I'm 148lbs and 8% body fat now. These days I usually get down to 142-143 and 6% or so. I was a bit lighter when I was younger but at 45 that's about as light as I can get.. I like long rides and long climbs. I can feel the difference in my climbing speed when I lose a couple pounds. Neither of the road bikes I have now are weight-weenie bikes.. the Vitus is a rain bike so I don't care what it weighs, and the Airborne Zeppelin comes in at about 19.5 lbs. I'm considering doing some racing again, but only races that involve a lot of climbing. So I am thinking of buying or building something lighter. I've been doing the weight weenie chart thing and I can easily get a bike that's below 16 lbs and still reliable, comfortable enough for all day rides, and not hideously expensive. And without resorting to tubulars.

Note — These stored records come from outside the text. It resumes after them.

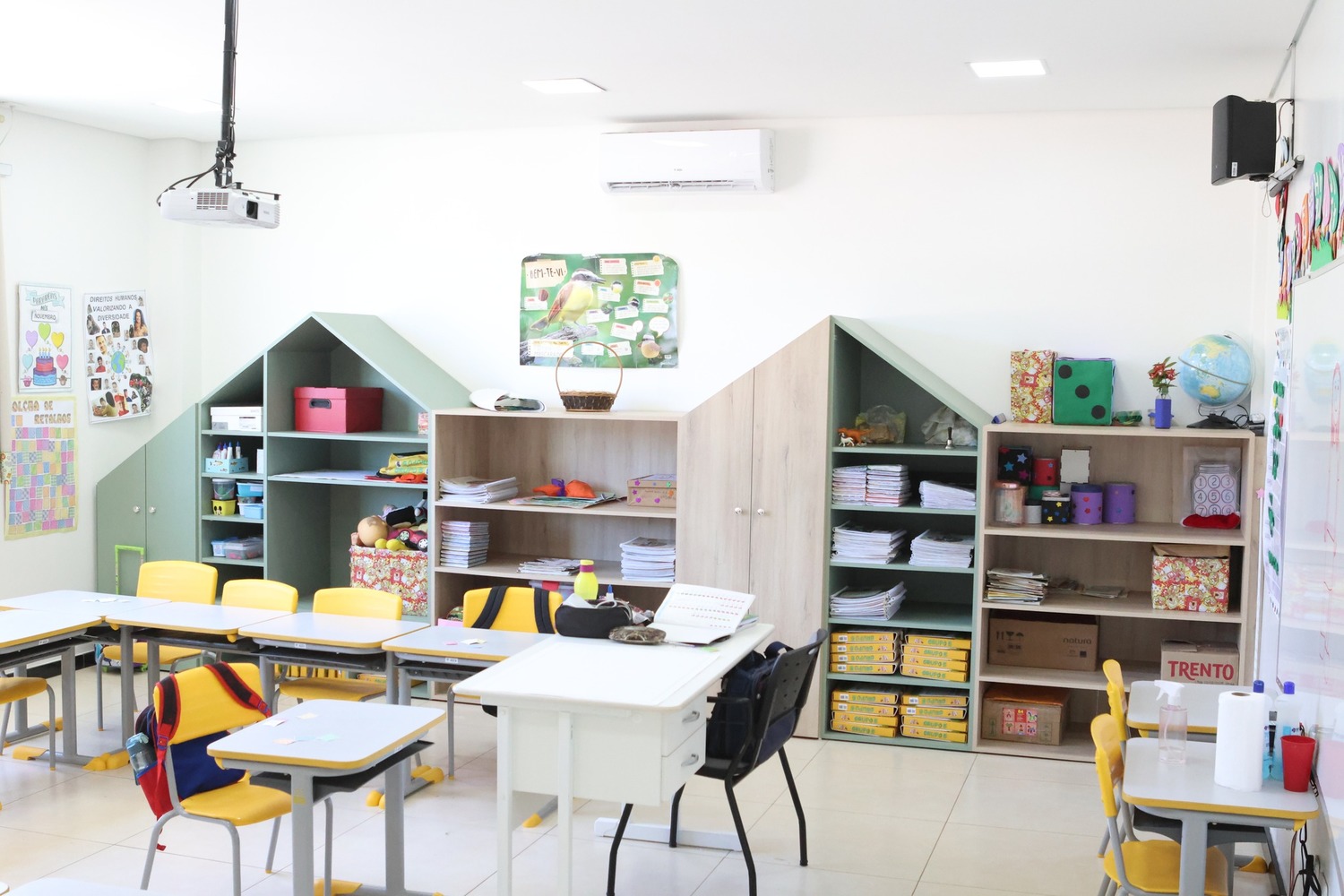 Escola Pingo de Gente de Aratiba ganha novos móveis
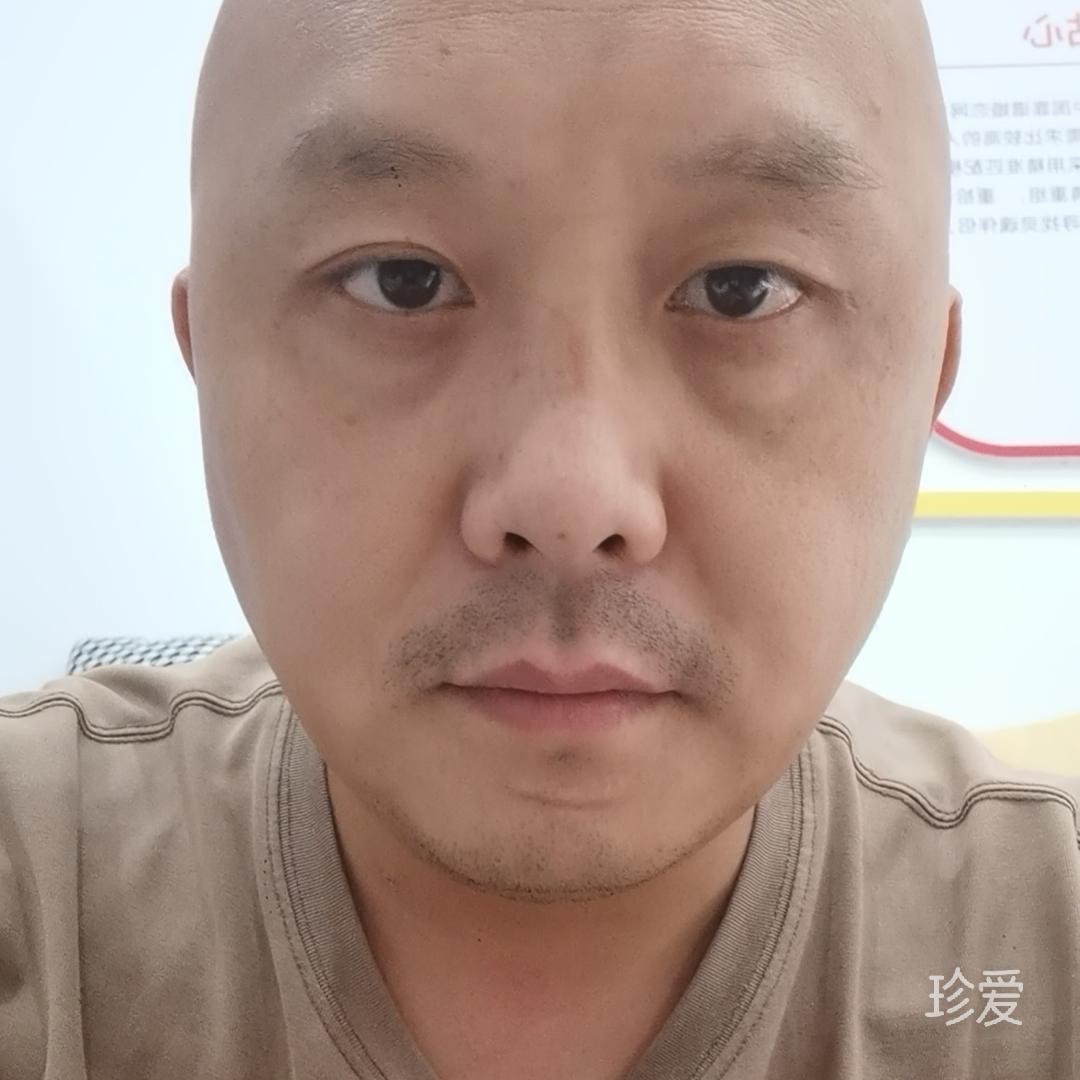 被風(fēng)吹散的人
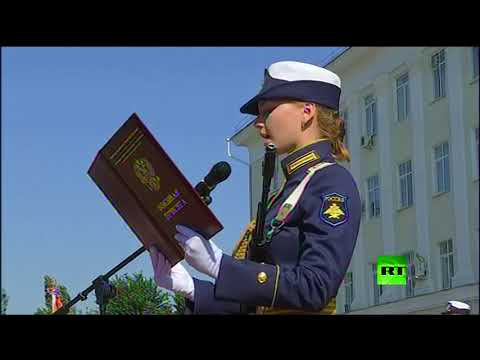 شاهد 16 فتاة تؤدي القسم في مدرسة الطيران الحربي العليا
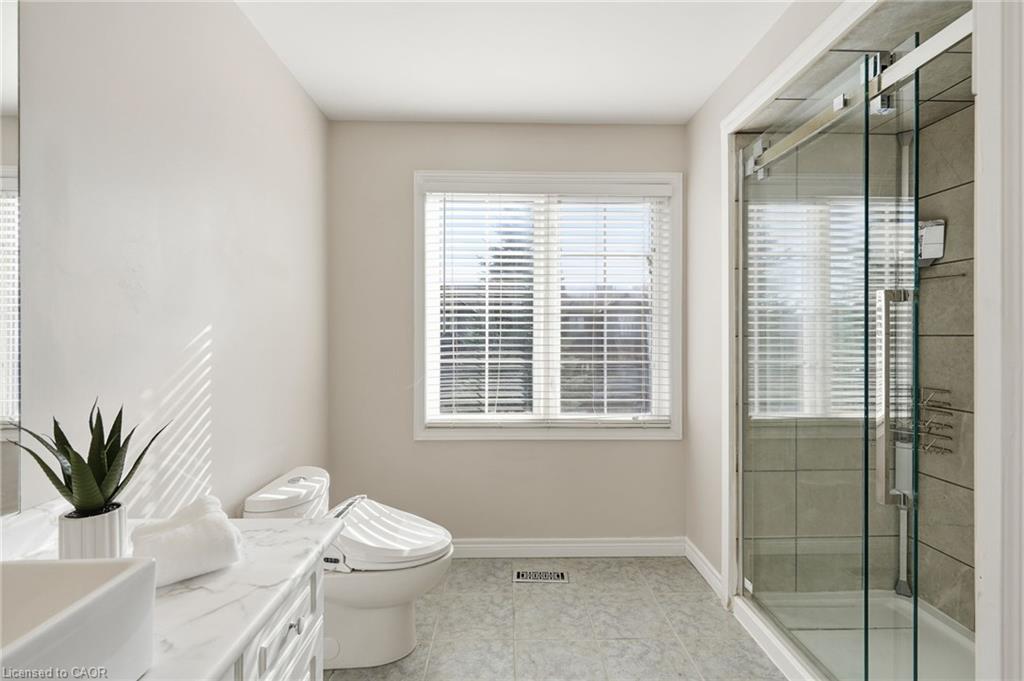 8-400 Stonehenge Drive Property Photo 29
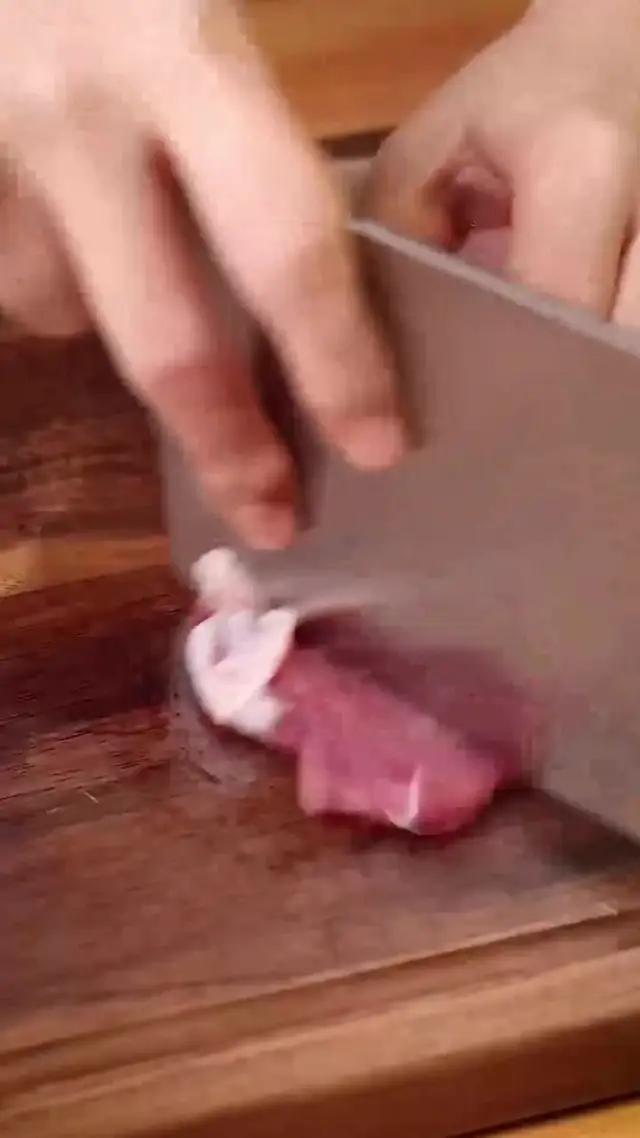 Decorate, attract guests, and build a cute and luxury restaurant!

I enjoy seeing the engineering work and thought that goes into super-light bikes but I don't think I'd want one as my regular bike.


----------



## bikeuphill9 (Sep 7, 2005)

I weigh in at 145 right now and 137 in season. 5'11" 58cm Cdale. My bike is about 18 lbs, but is slowly loosing it. New wheels, new seatpost, new seat, new handlebars and it should be around 16 - 16.5lbs.  As for my riding, lots of hills/mountains down here in the southwest corner of VA. Not to mention I love racing, particularly hill climbs. My goal isn't the lightest bike in the world (though it would be nice.) My goal is a light climber that is stiff enough for crits yet will last me a while and won't cost me an arm, leg, and college education. That is why my new lighter wheels will never tough rubber on a course that is less than a mile long.


----------



## SantaCruz (Mar 22, 2002)

*Both my "new" bikes*

.... are about 20 lbs (61 cm, & ready to ride). But I love it that there is a whole bunch of people out there buying super expensive weight weenie parts. It's good for the industry, good for innovative companies, good for lots of reasons. And at some time in the future, most of us average cyclists will benefit from better designs, materials, etc.


----------



## capt_phun (Jun 14, 2004)

I ride a a sub 15 pound giant TCR. I am 177cm tall and weigh around 144, but once i start riding full swing I get to around 139.


----------



## spin150 (May 24, 2005)

*It all adds up*

I agree with the others, it is fun and fascinating to explore lightweight technology that functions and lasts. Performance increases are minimal. But here we go:

Bike: 16 lbs, with lots of lightweight goodies
Rider: 140 lbs
Not bad, the combo at 156 lbs.

But wait. 

Add: 
two bottles (3 lbs), 
seat bag (1.5 lbs)
Carnac Quartz shoes (almost 2 lbs)
another bottle for those non-stop 60 milers
extra tools and spare parts for those rides in the back country
food

And then I just took my lightweight rear wheel out and replaced it with a Powertap. One pound more. Power to weight ratio is not bad, but it is time to work on the power part of that ratio, the weight part is done.


----------



## SDizzle (May 1, 2004)

brewster said:


> Just seems like an obvious question when one is worrying about why the bike is hefty at 18lbs?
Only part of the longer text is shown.